### DATA FOR REVIEW
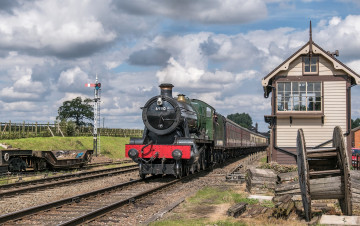 Картинка техника паровозы состав локомотив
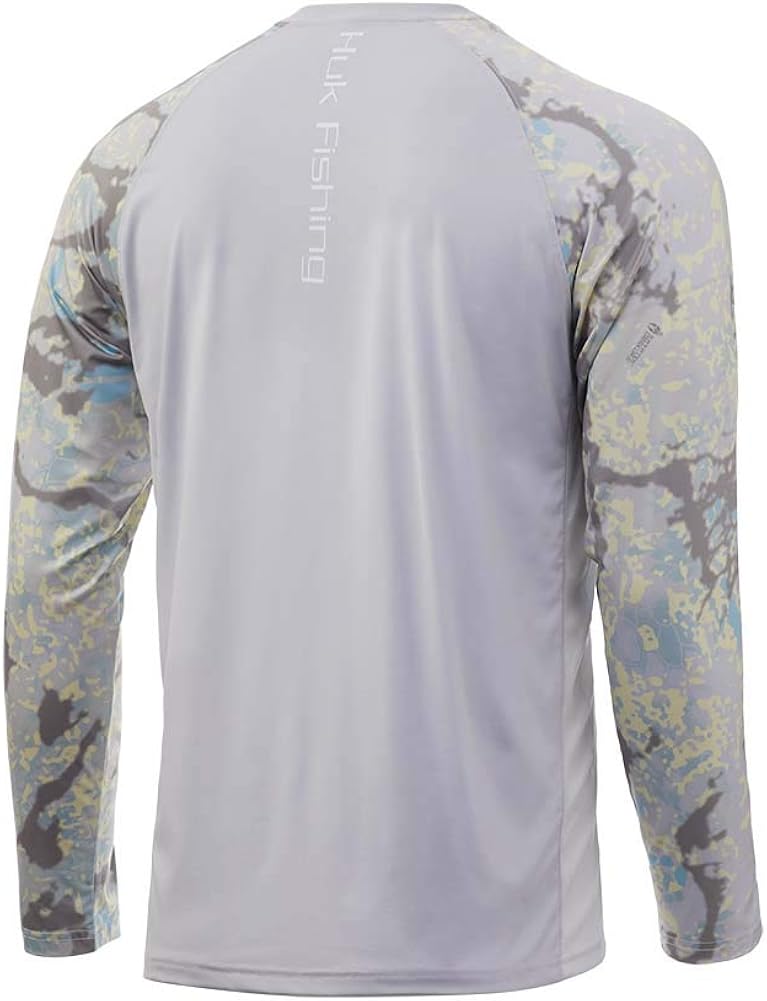 HUK Mens Kryptek Double Header Vented Long Sleeve Shirt | Long Sleeve Performance Fishing Shirt with +30 UPF Sun Protection: Clothing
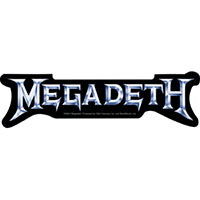Megadeth- Silver Logo sticker (st345)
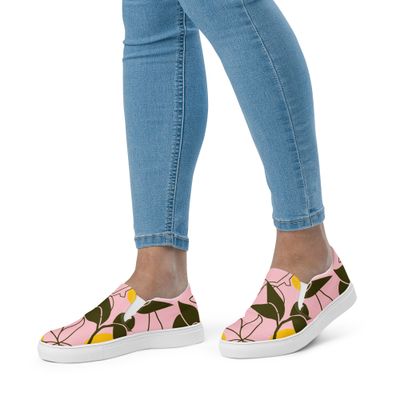 Women’s slip-on canvas shoes spring green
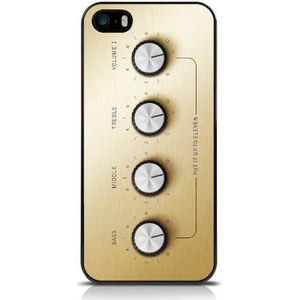 CallCandy Up To Eleven Image Back Case voor Apple iPhone SE / 5S / 5 (goudkleurig/zilverkleurig)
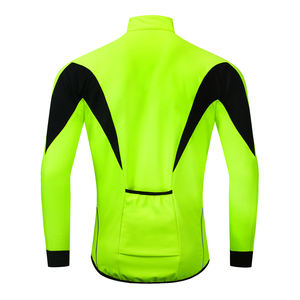 WOSAWE Inverno Caldo Up Panno Morbido Termico Giacca <span class=keywords><strong>Ciclismo</strong></span> MTB Della Bicicletta Della Bici Della Strada Abbigliamento Antivento Impermeabile Lungo Jersey - Product Image 3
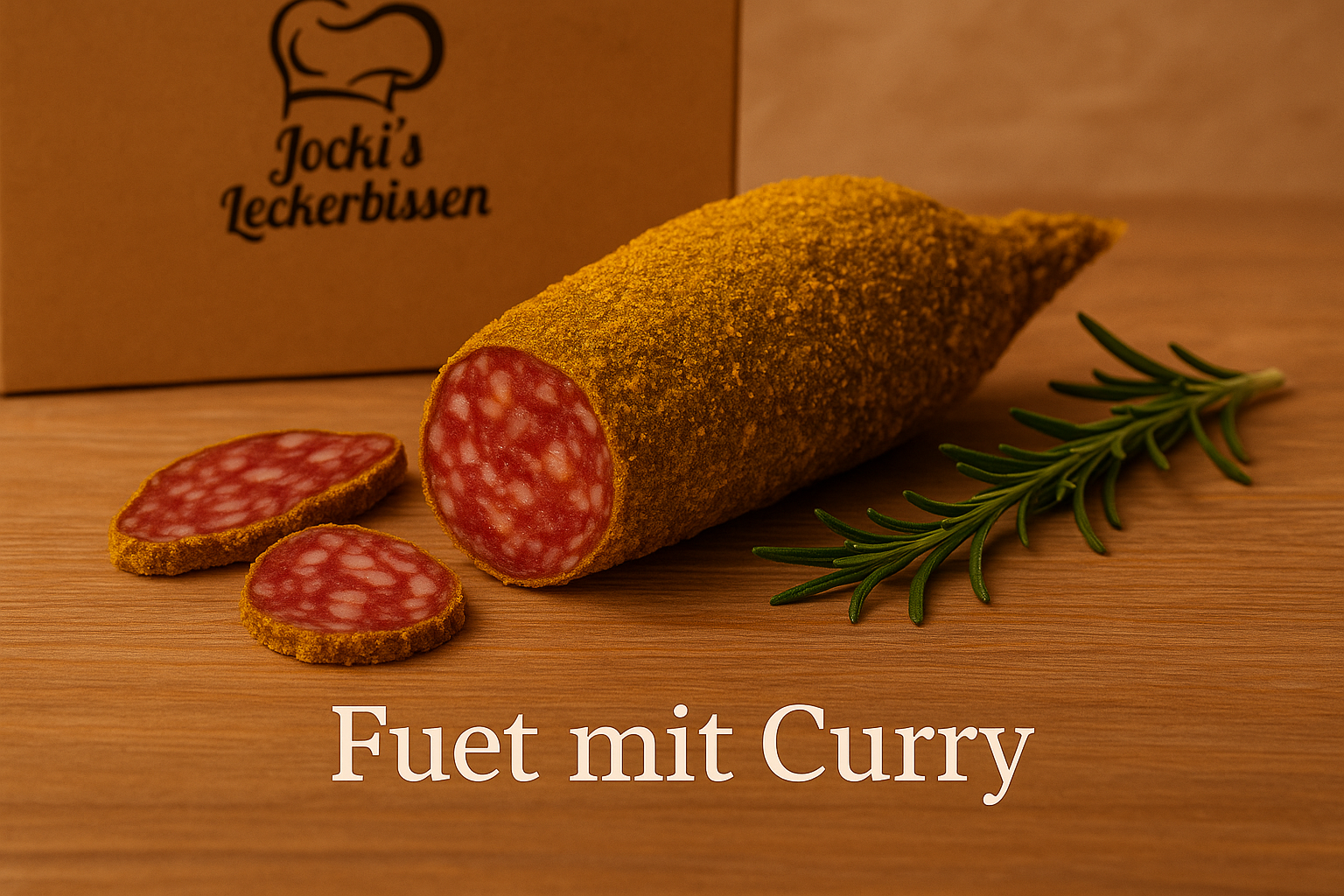 Spanische Fuet mit Curry - 150 G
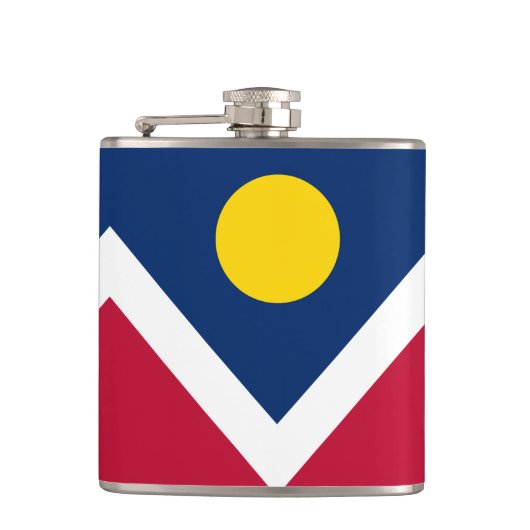 Vlag van Denver, Colorado Heupfles (Voorkant)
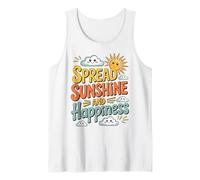 « Spread Sunshine and Happiness » - Jolie Motivation Positive Débardeur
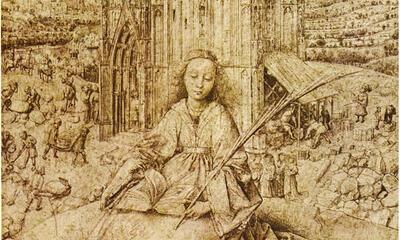Jan Van Eyck, De heilige Barbara, 1437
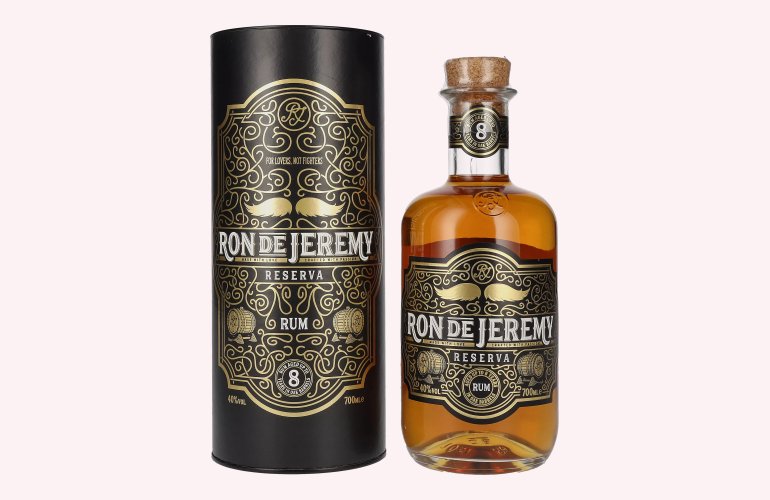 Ron de Jeremy RESERVA 8 Rum 40% Vol. 0,7l in Geschenkbox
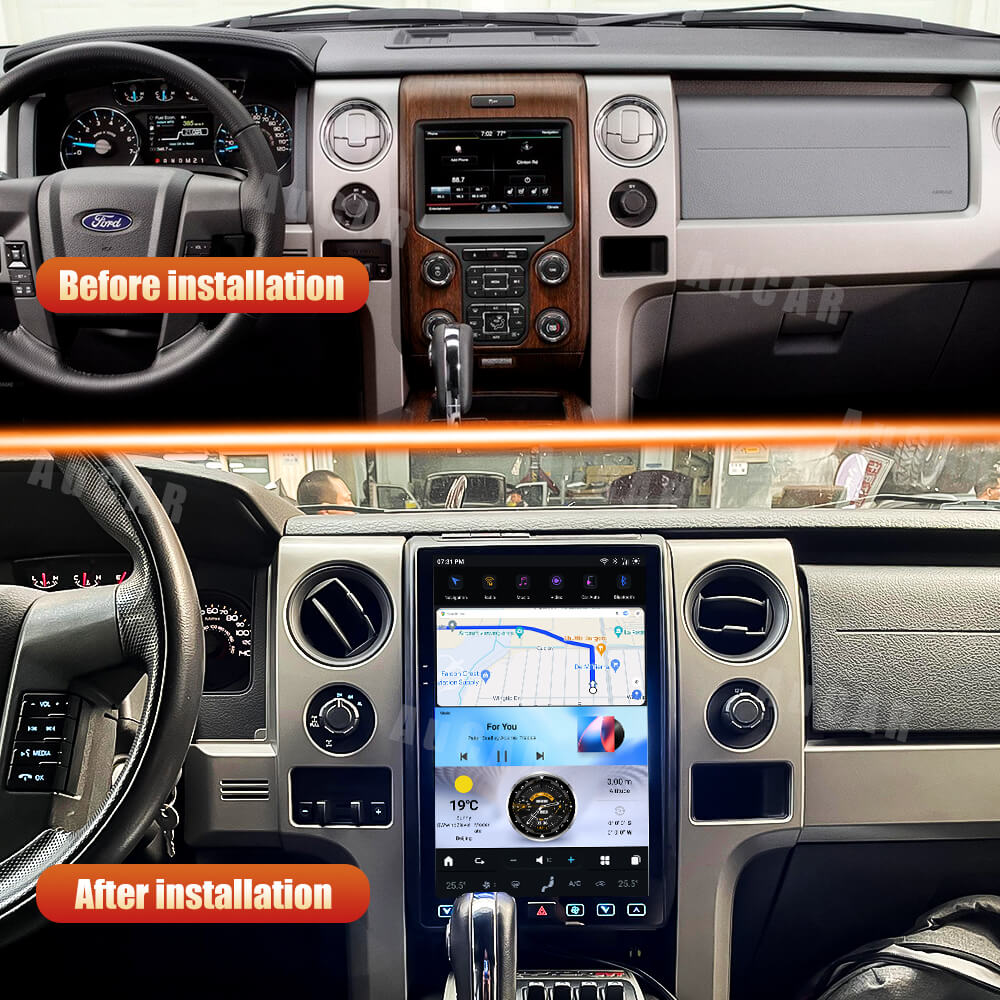2013-2014 Ford F150 F250 Tesla Vertical Screen 14.4" CarPlay GPS Radio 128G (Copy)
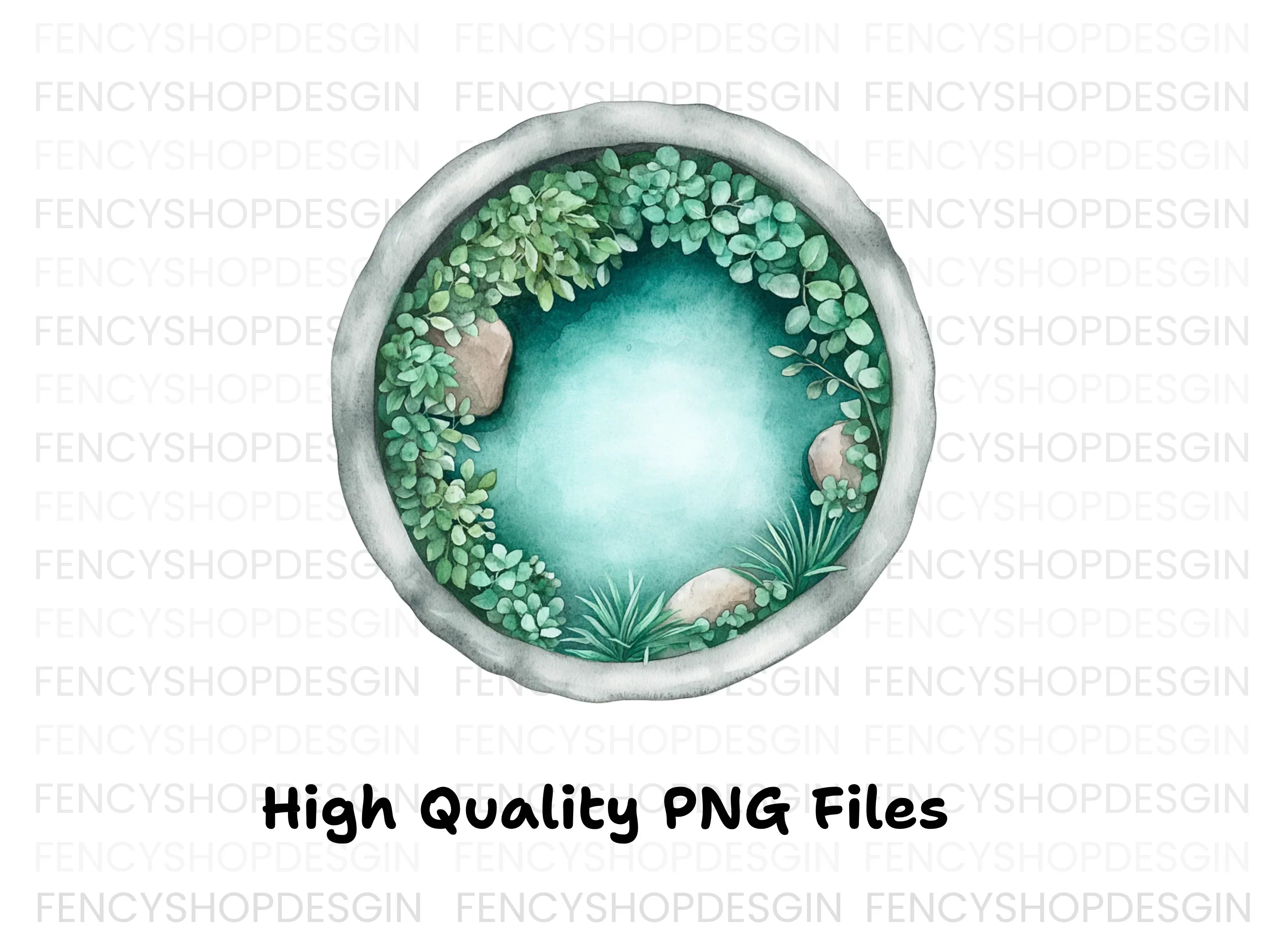 Garden Pond Clipart Bundle - Image 3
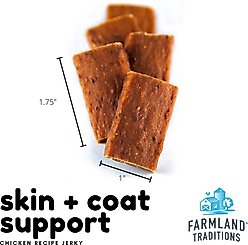 Farmland Traditions Chicken Recipe Skin & Coat Jerky Dog Treats, 14-oz bag slide 2 of 6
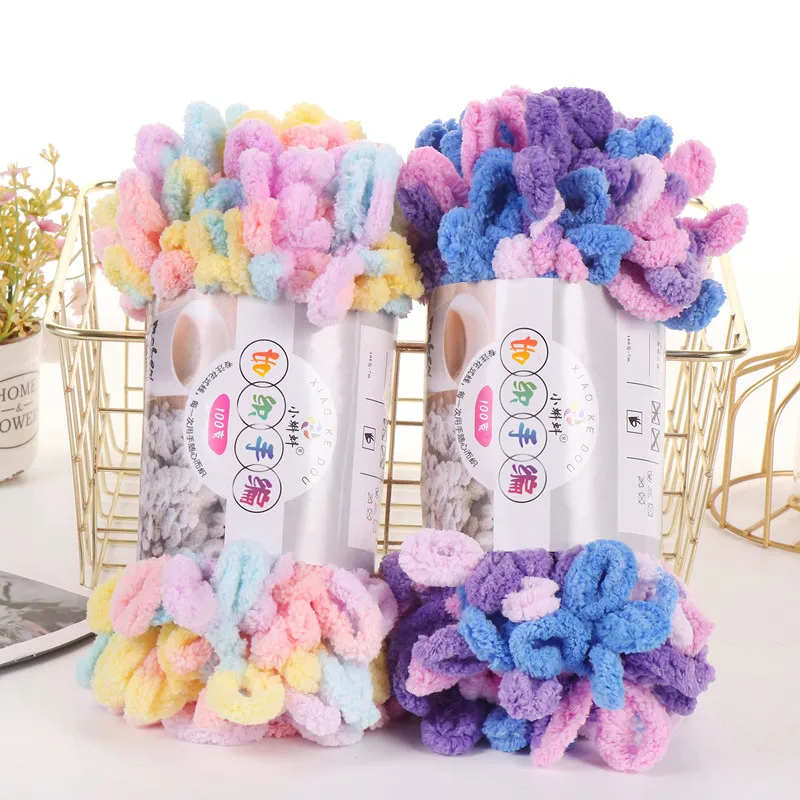 5pcs100g/Roll Puffy Finger Loo – обзор и цена Woven Scarf Blanket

### PROBLEM REQUIREMENTS
Please return the lines from the line with "CallCandy Up To" through the last line of the data, both included, exactly, and without pictures.

### FINAL ANSWER
 CallCandy Up To Eleven Image Back Case voor Apple iPhone SE / 5S / 5 (goudkleurig/zilverkleurig)
 WOSAWE Inverno Caldo Up Panno Morbido Termico Giacca <span class=keywords><strong>Ciclismo</strong></span> MTB Della Bicicletta Della Bici Della Strada Abbigliamento Antivento Impermeabile Lungo Jersey - Product Image 3
 Spanische Fuet mit Curry - 150 G
 Vlag van Denver, Colorado Heupfles (Voorkant)
 « Spread Sunshine and Happiness » - Jolie Motivation Positive Débardeur
Jan Van Eyck, De heilige Barbara, 1437
 Ron de Jeremy RESERVA 8 Rum 40% Vol. 0,7l in Geschenkbox
2013-2014 Ford F150 F250 Tesla Vertical Screen 14.4" CarPlay GPS Radio 128G (Copy)
 Garden Pond Clipart Bundle - Image 3
 Farmland Traditions Chicken Recipe Skin & Coat Jerky Dog Treats, 14-oz bag slide 2 of 6
 5pcs100g/Roll Puffy Finger Loo – обзор и цена Woven Scarf Blanket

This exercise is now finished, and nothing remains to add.